Julia: string interpolation, juxtaposition & multiline strings

Created on 14 Feb 2013  路  47Comments  路  Source: JuliaLang/julia

Here's what I think we should do:

  • [x] Keep string interpolation. It's just too convenient and taking away popular features for language purity is obnoxious.
  • [x] Implement interpolation in the parser. Currently, it's implemented as a macro. This leads to problems like #455. Instead, we should implement string interpolation for normal strings in the parser, which will allow handling this just fine since it will know when a string is or isn't finished.
  • [x] Non-standard string literals are on their own. This means that non-standard string literals cannot actually fully emulate the behavior of standard string literals. They can use interp_parse to get close, but they won't be able to handle string literals in interpolated expressions [#455]. That's fine. You can either have full-blown parser-supported string interpolation _or_ you have a custom string literals, but not both at the same time. This is an acceptable compromise.
  • [ ] Use Allow string literal juxtaposition for concatenation. Merge this branch and make string literal juxtaposition the a syntax for string concatenation. If you want to concatenate two variables as strings, you can do foo "" bar, which parses as string(foo,bar) rather than string(foo,"",bar). If you need to reference the string concatenation operation as a function, you use string. This is not really any different than having special syntax for e.g. indexing.
  • [x] Deprecate * for string concatenation. This was a cute experiment, but it's bad. The biggest problem is the Char*Char issue, which we should not deprecate, but rather just remove (and perhaps make Char a proper integer type again?).
  • [x] Parse multiline string literals as macro calls. When an unprefixed multiline string literal (i.e. triple-quoted string) is encountered, handle interpolation in the parser and emit it as a macro call (maybe @mstr?) for further processing. When a prefixed multiline string literal is encountered, no interpolation is done, but the string is passed off to an appropriate macro.

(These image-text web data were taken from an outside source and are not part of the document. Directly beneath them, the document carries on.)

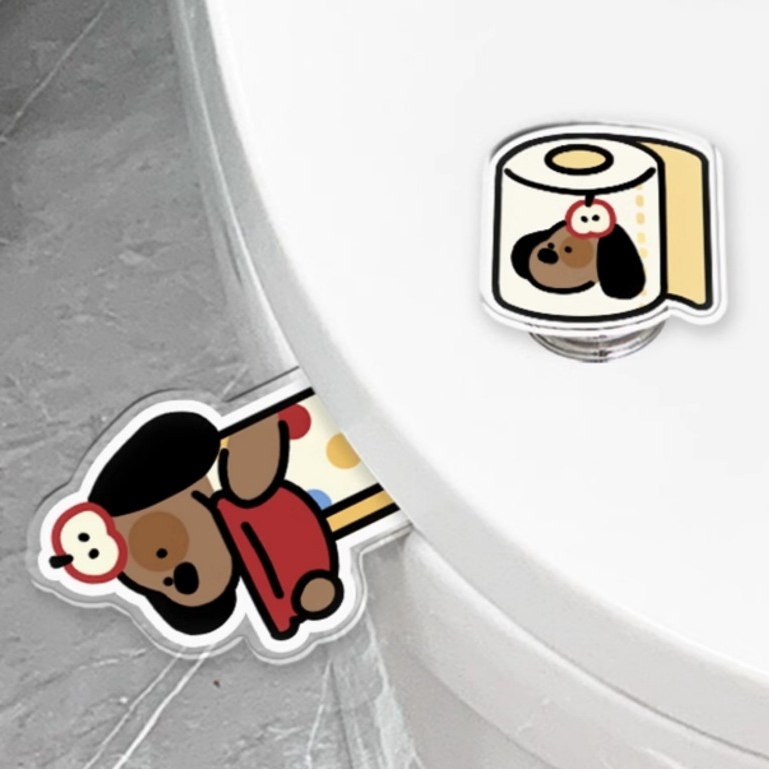 🏷️[Home] ที่กดชักโครก ที่ยกฝาชักโครก เปิด-ปิดฝาชักโครก handle toilet Dog tissu Unji~ที่ดึงชักโครก  น่ารักอะคริลิค pupy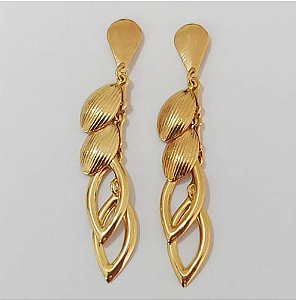 BRINCO FOLHEADO A OURO - BANHADO COM 5 MILÉSIMOS + VERNIZ DIAMOND - BRINCO PINDURICALHO ( TAMANHO 35MM- OURO946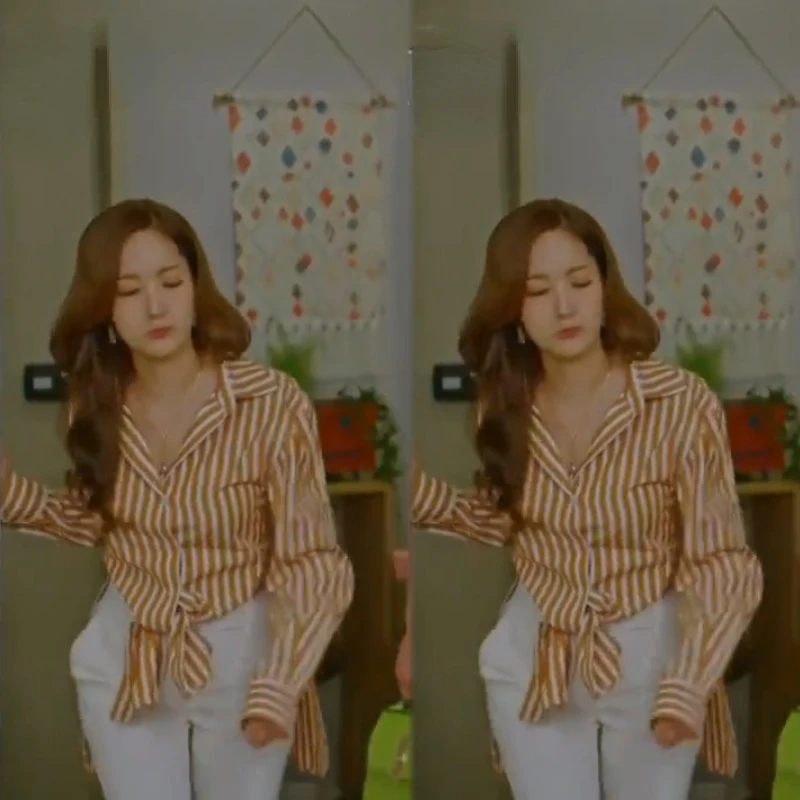 

Kpop Korean Drama Park Min Young Striped Turn-down Collar Slit Shirts Women Fashion Long Sleeve Cardigan Blouse Lady Cotton Tops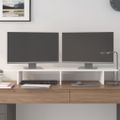 vidaXL Stojan na monitor biely 100x27x15 cm masívna borovica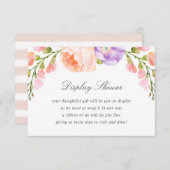 赤面ストライプ及び開花表示シャワーなしギフトラップ エンクロージャーカード (正面/裏面)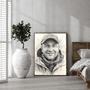 Dad Charcoal Portrait – Timeless Handcrafted Wall Art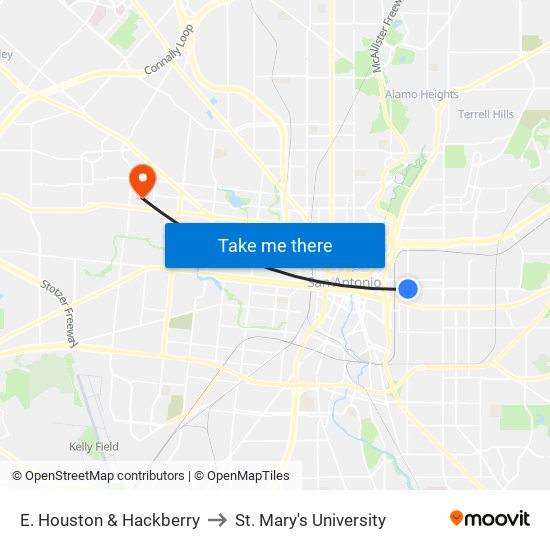 E. Houston & Hackberry to St. Mary's University map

Regarding the last point, consider the following:

# note the indentation
  """
  Four score and $n years ago...
  """

Should be equivalent to:

@mstr("\n  Four score and ", n, " years ago...\n  ")

The @mstr macro can handle indentation stripping a la #70 by looking at the trailing whitespace of the last string literal macro argument and stripping that from the indentation of all the string literal arguments.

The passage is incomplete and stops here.